REQUIRED ACTION
Below are some records. Write out the lines from the one containing "Schneider Electric SR2B121B" to the last line, word for word, leaving out pictures.
*** DATA IN THIS EXERCISE Section Begins ***
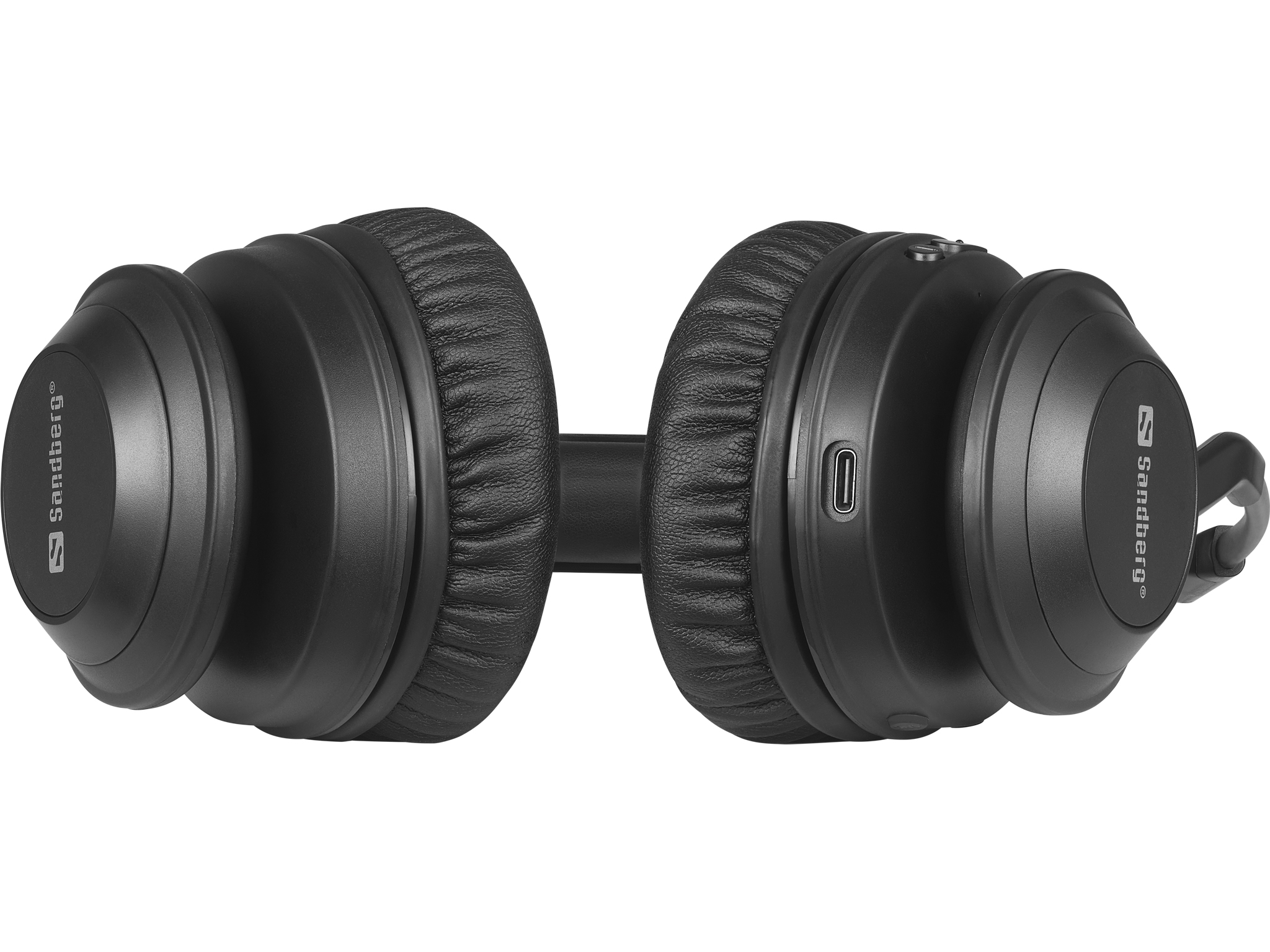 SANDBERG Pro Bluetooth Headset ANC+ENC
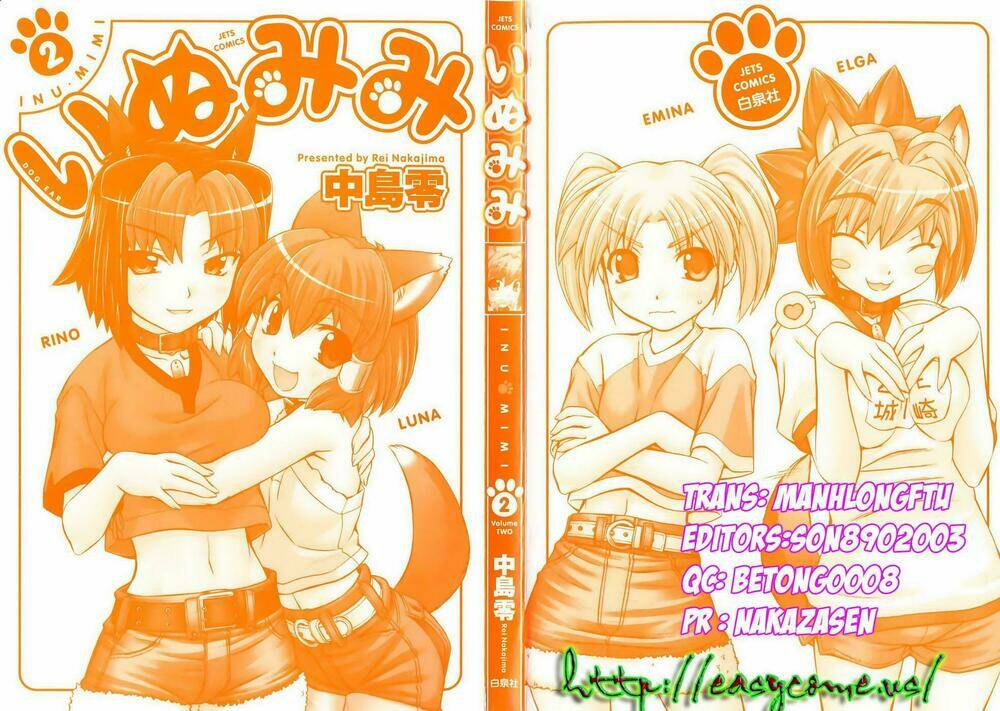 Inumimi - Chương 10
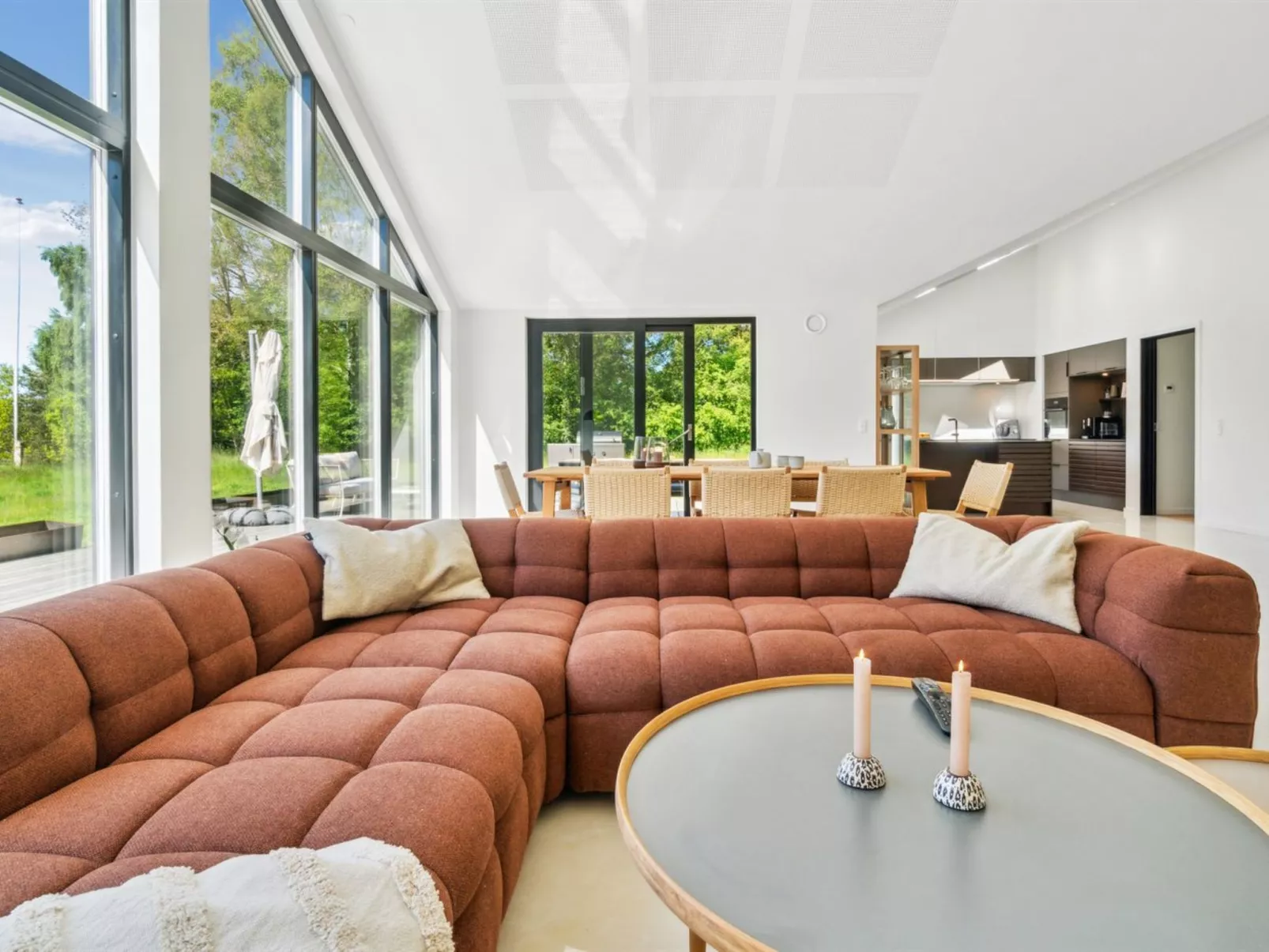 &quot;Tove&quot; - 350m from the sea-Binnen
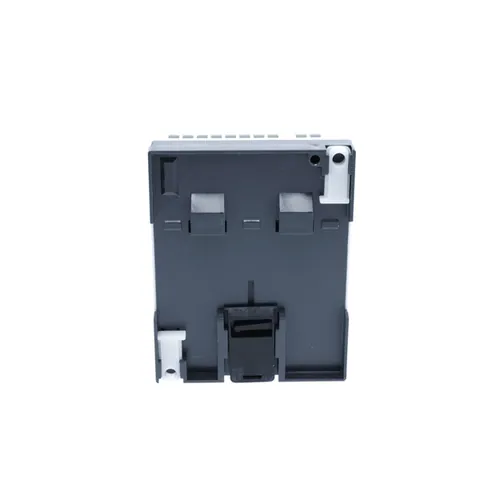 Schneider Electric SR2B121B compact smart relay, Zelio Logic SR2 SR3, 12 IO, 24V AC, clock, display — PLC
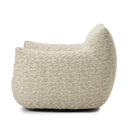 Aveline Margot Swivel Chair - Solema Cream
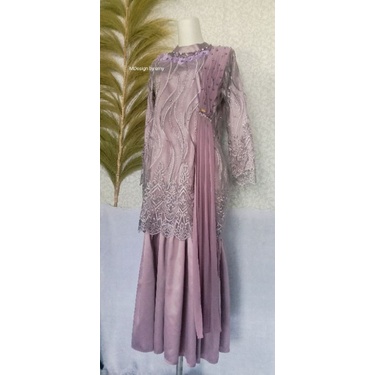 dress mermaid premium exlusive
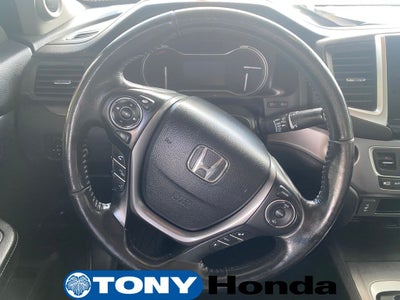 2019 Honda Ridgeline RTL-T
*** DATA IN THIS EXERCISE Section Ends ***
SOLUTION FOR THIS EXERCISE
 Schneider Electric SR2B121B compact smart relay, Zelio Logic SR2 SR3, 12 IO, 24V AC, clock, display — PLC
 Aveline Margot Swivel Chair - Solema Cream
 dress mermaid premium exlusive
 2019 Honda Ridgeline RTL-T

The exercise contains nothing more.